Sherlock Holmes (Jeremy Brett) and Dr. John Watson (Edward Hardwicke) are visited by Dr. Mortimer (Alastair Duncan) with an unusual story. Mortimer is friend and physician to the Baskerville family. Recently Sir Charles Baskerville (Raymond Adamson) died under mysterious circumstances. The family lore tells of a 200-year-old curse when a Sir Hugo Baskerville was killed on the moor by a spectral hound. Since then, the curse has been visited on each subsequent squire of the estate.
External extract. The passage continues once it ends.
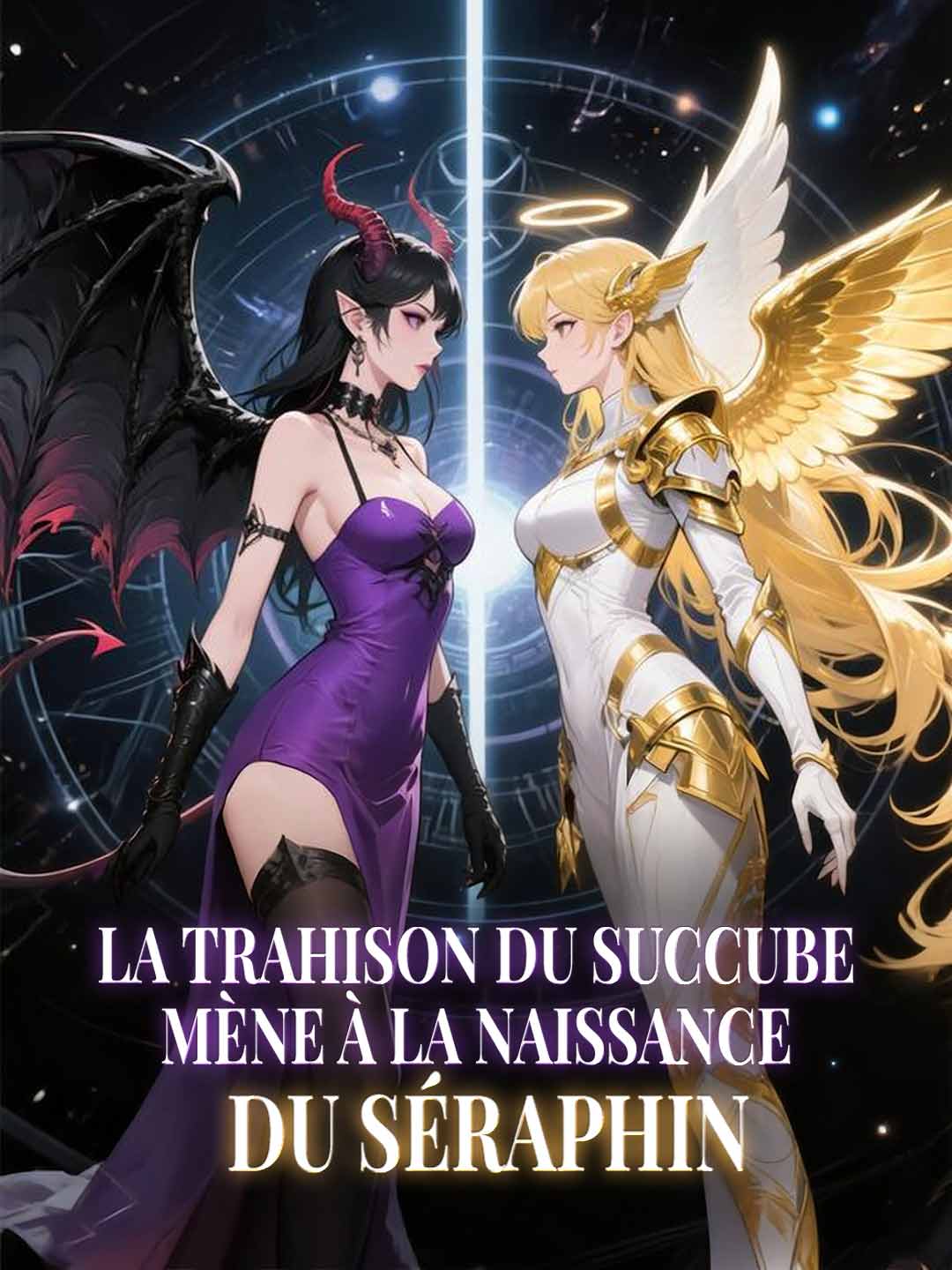 La trahison du Succube mène à la naissance du Séraphin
Since Sir Charles’ death his next, and last, relative is his nephew, Henry Baskerville (Kristoffer Tabori). Henry was raised in America and is returning to England to take up his post as squire of the manor. Dr. Mortimer is concerned for Henry’s life. Holmes dismisses the curse but there were some aspects of the doctor’s story that point to a natural cause for Sir Charles’ death. As such it raises Holmes’ interest in the case. The detective agrees to help.

Holmes says that he is currently involved with another case but sends Dr. Watson to protect Henry and keep an eye on him. He also instructs Watson to send reports back to keep him up to date on whatever events happen. On the way to the estate Watson sees quite a few police. He is told that an escaped criminal named Selden (William Ilkley), is in the area. At the manor Sir Henry and Watson meet the caretakers of the manor Mr. and Mrs. Barrymore (Ronald Pickup and Rosemary McHale). The manor and the people in the area all seem a little depressed and withdrawn.

Watson begins his reports and brings them to the post office. On the way back to the estate he meets a neighbor, Mr. Stapleton (James Faulkner). Stapleton is an entomologist. He invites Watson to meet his sister Beryl (Fiona Gillies). In front of the house Stapleton runs off chasing after a butterfly specimen. While Stapleton is occupied elsewhere Beryl comes running from the house. Mistaking Watson for Henry, she urges him to leave the moors and run back to London. Everyone seems to have an opinion on what Sir Henry should do. With Holmes seemingly out of the picture for a while Watson is on his own, and it appears he has his work cut out for him. It seems that everyone has a secret in this depressive place, and there are more things to be afraid of on the moors than just a 200-year-old curse.

“The Hound of the Baskervilles” was released in 1988 and was directed by Brian Mills. It is a British television movie and a horror mystery based on the third novel by Arthur Conan Doyle. The film was produced by Granada Television. The movie is actually episode 26 of the Granada television, Sherlock Holmes series. It is the second of two movies done for the series. The first series ran from 1984 to 1985 with thirteen episodes. The next series ran from 1986 to 1988 and was thirteen episodes. The third series ran from 1991 to 1993 and was comprised of nine episodes. Finally, the fourth series ran in March and April 1994 and was 6 episodes long. The first movie or full-length episode was “The Sign of Four” 1987 episode 21. The two films were part of the second series. The entire production starred Jeremy Brett as Sherlock Holmes and Edward Hardwicke as Dr. Watson.

The movie was good and very moody, but it is not my favorite “Hound of the Baskervilles” film nor is it my favorite Jeremy Brett film either. Budgetary problems caused the film to receive less attention than it should. The hound was also less impressive than, say, the drug induced specter that Benedict Cumberbatch had to deal with, but then the BBC took a lot of liberties with the entire story. This hound was glow-in-the-dark green and then only sometimes. Despite not being the best Granada production, it was still interesting and very atmospheric.